Exercise directions:
Reproduce every entry below exactly, minus the pictures.

Given data:
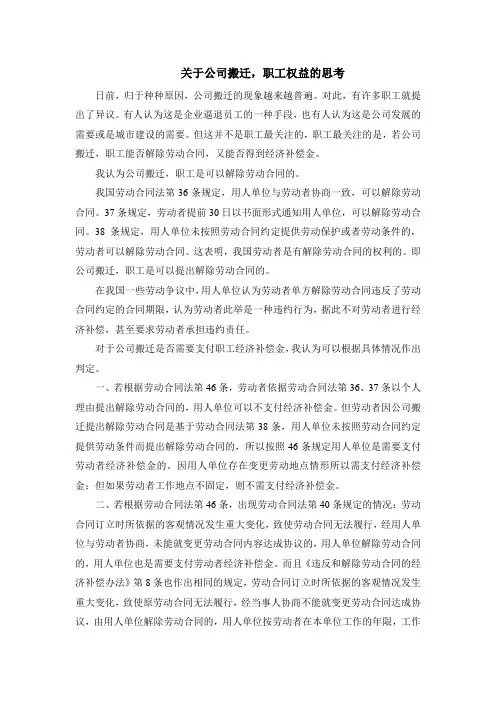 关于公司搬迁,职工权益的思考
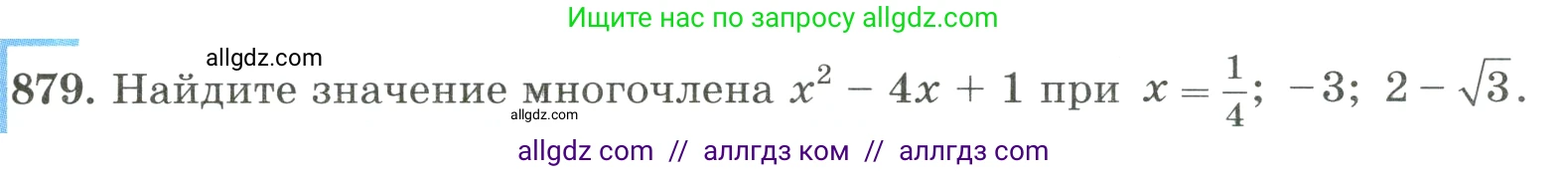 Алгебра, 8 класс Учебник, авторы: Макарычев Юрий Николаевич, Миндюк Нора Григорьевна, Нешков Константин Иванович, Суворова Светлана Борисовна, издательство Просвещение, Москва, 2023, белого цвета, страница 195, номер 879, Условие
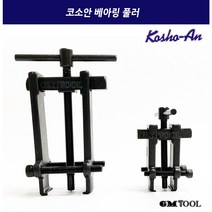 베어링풀러 풀리빼기 플러 KB-AB-1 축받이 기어풀러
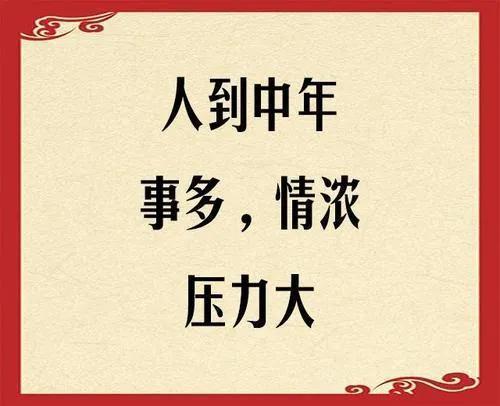 岁月不饶人图片,见证时光流转的沧桑之美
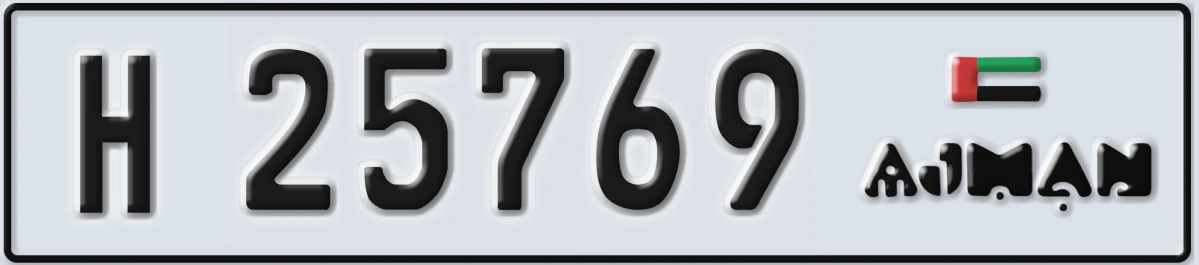 UAE License Plate Ajman H 25769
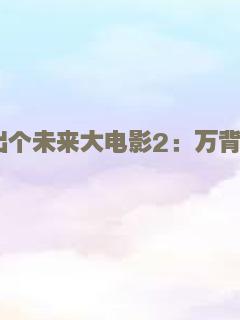 花楸故事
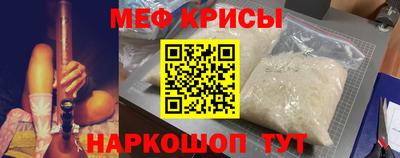 COCAINE Кулебаки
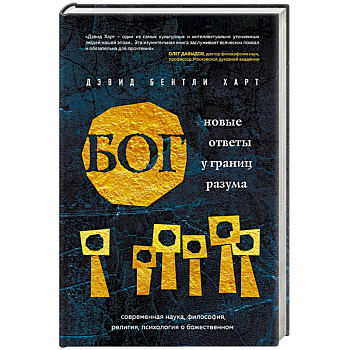 Бог. Новые ответы у границ разума. Современная наука, философия, религия, психология о божественном Бог. Новые ответы у границ разума. Современная наука, философия, религия, психология о божественном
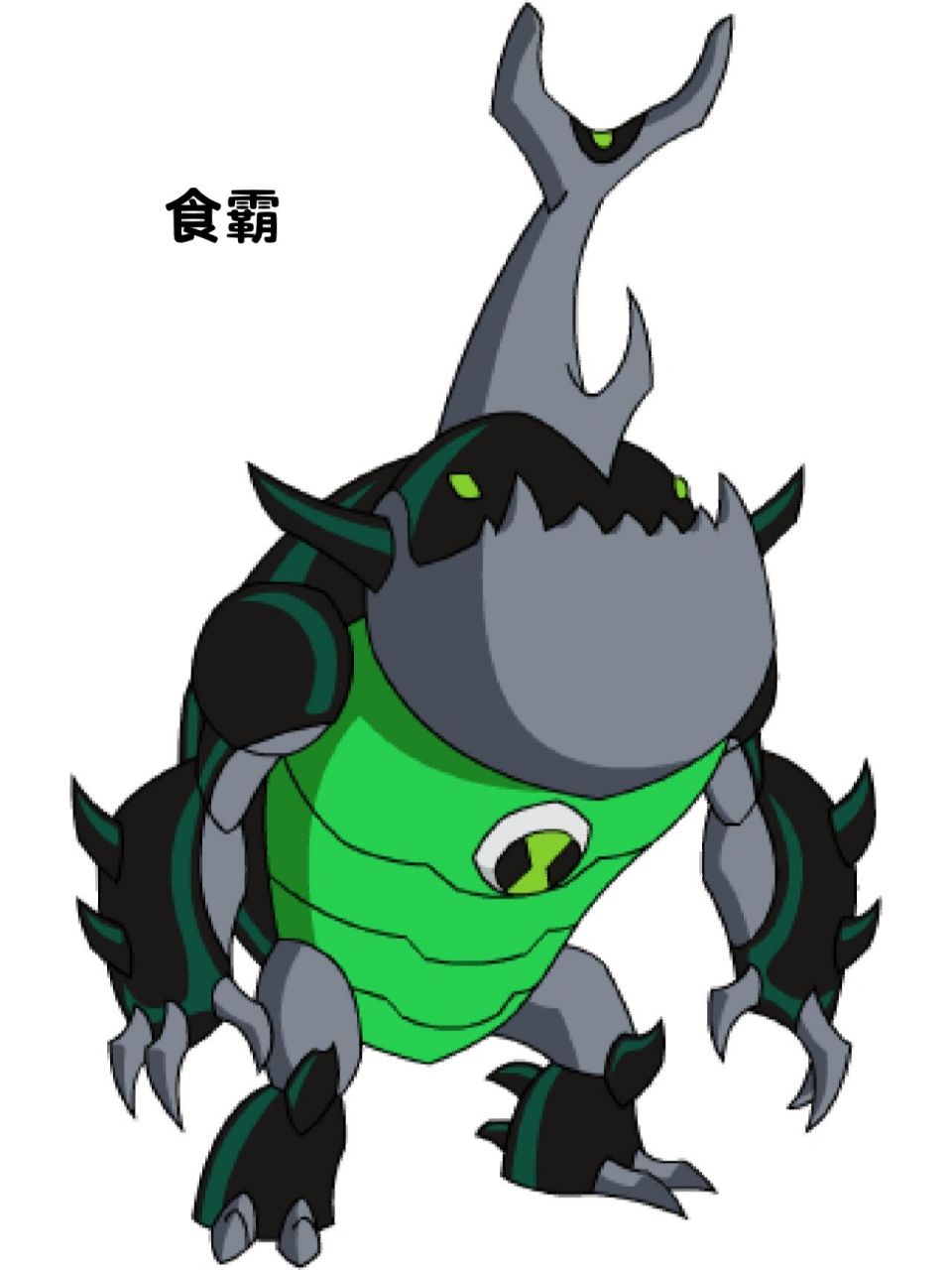 ben10全面进化外星英雄介绍(41) 食霸 英文名:eatle,词源"eat all"(吃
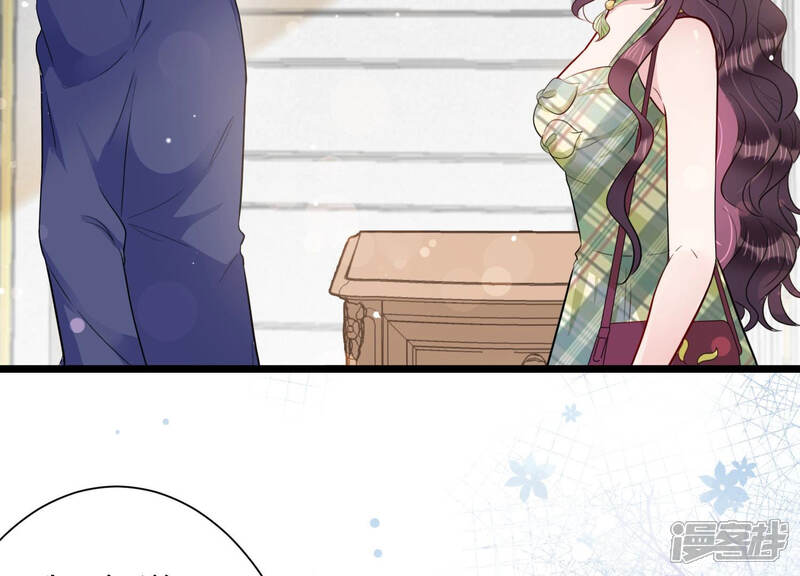 《恋分攻略》第39话 不择手段 第54页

Worked solution:
 关于公司搬迁,职工权益的思考
 Алгебра, 8 класс Учебник, авторы: Макарычев Юрий Николаевич, Миндюк Нора Григорьевна, Нешков Константин Иванович, Суворова Светлана Борисовна, издательство Просвещение, Москва, 2023, белого цвета, страница 195, номер 879, Условие
 베어링풀러 풀리빼기 플러 KB-AB-1 축받이 기어풀러
 岁月不饶人图片,见证时光流转的沧桑之美
 UAE License Plate Ajman H 25769
 花楸故事
 COCAINE Кулебаки
 Бог. Новые ответы у границ разума. Современная наука, философия, религия, психология о божественном Бог. Новые ответы у границ разума. Современная наука, философия, религия, психология о божественном
 ben10全面进化外星英雄介绍(41) 食霸 英文名:eatle,词源"eat all"(吃
 《恋分攻略》第39话 不择手段 第54页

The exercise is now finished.